Beloved around the globe as much for its practicality and versatility as its eye-catching designs, Denby Pottery is the epitome of Great British ceramic design. Produced using a combination of modern techniques and traditional handcrafting, Denby Pottery is well known for its quality and distinctive designs.
Due to the handcrafted nature of Denby Pottery, slight colour variations may occur as each item is skilfully hand-dipped and therefore unique. On early hand-painted designs such as Gypsy and Chatsworth these variations can be significant, our Essential guide explains more (The Essential Guide to Buying Replacement China)
Also see the products we have listed as Denby Langley (Denby – Langley pattern list)
How Denby is Made – The Story of a Teacup
Denby Pottery was established in 1809 in the village of Denby, in the heart of Derbyshire England. The factory remains at this site today, and still uses the local clay for its pottery.
The local clay is mixed with water, washed and filtered to remove any impurities, and is finally extruded into pugs or “sausages” which are stored in a steamy room to stop them drying out before moving on to the next step.
The pug is then cut into slices. Each slice is put into a plaster of Paris mould and a metal forming tool forces the clay into the mould, helping to form the inside of the teacup.
The outside shape is finished by turning, which removes the excess clay and the handle is then applied to the finished shape by hand. Liquid clay is used to attach the two parts which forms a strong bond when fired
Once the teacup shape is fully completed it is ready to enter the kiln for the first time. Here it is fired for 12 hours at 960ºC. During the firing the product shrinks and leaves the kiln as a fragile ‘biscuit’.
The inside of the teacup is precisely glazed with a rinsing machined, and the outside is hand dipped into one of Denby’s unique colour glazes. His hand dipped process required extreme skill gain over a minimum of five years training.
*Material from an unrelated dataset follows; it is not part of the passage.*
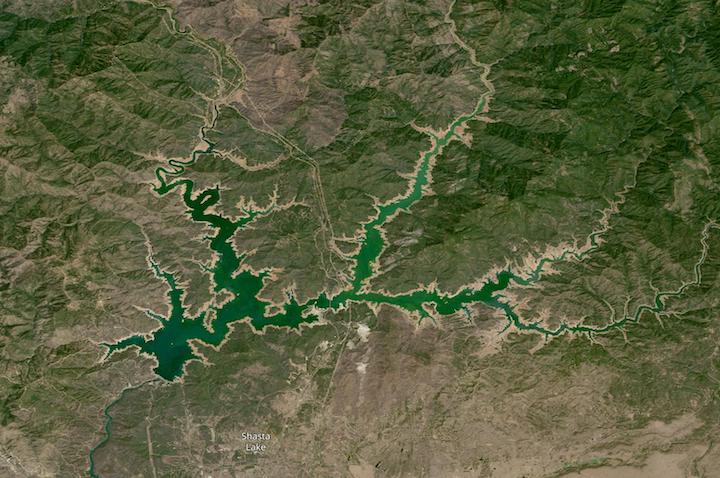 True color Landsat 9 image of Shasta Lake at low capacity, exposing the brown shoreline of the reservoir, on 14 August 2022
The speed at which the teacup is dipped must remain constant because one-hundredth of a cm difference in colour could alter the colour of the finished glaze.
The teacup is now ready for the second firing lasting another 12 hours, but this time at 1175ºC. Once again the teacup shrinks.
Om leaving the kiln the teacup has taken its distinctive Denby colour and is now extremely durable. If any additional decoration is being applied, then a litho is applied by and the teacup fired for a third time.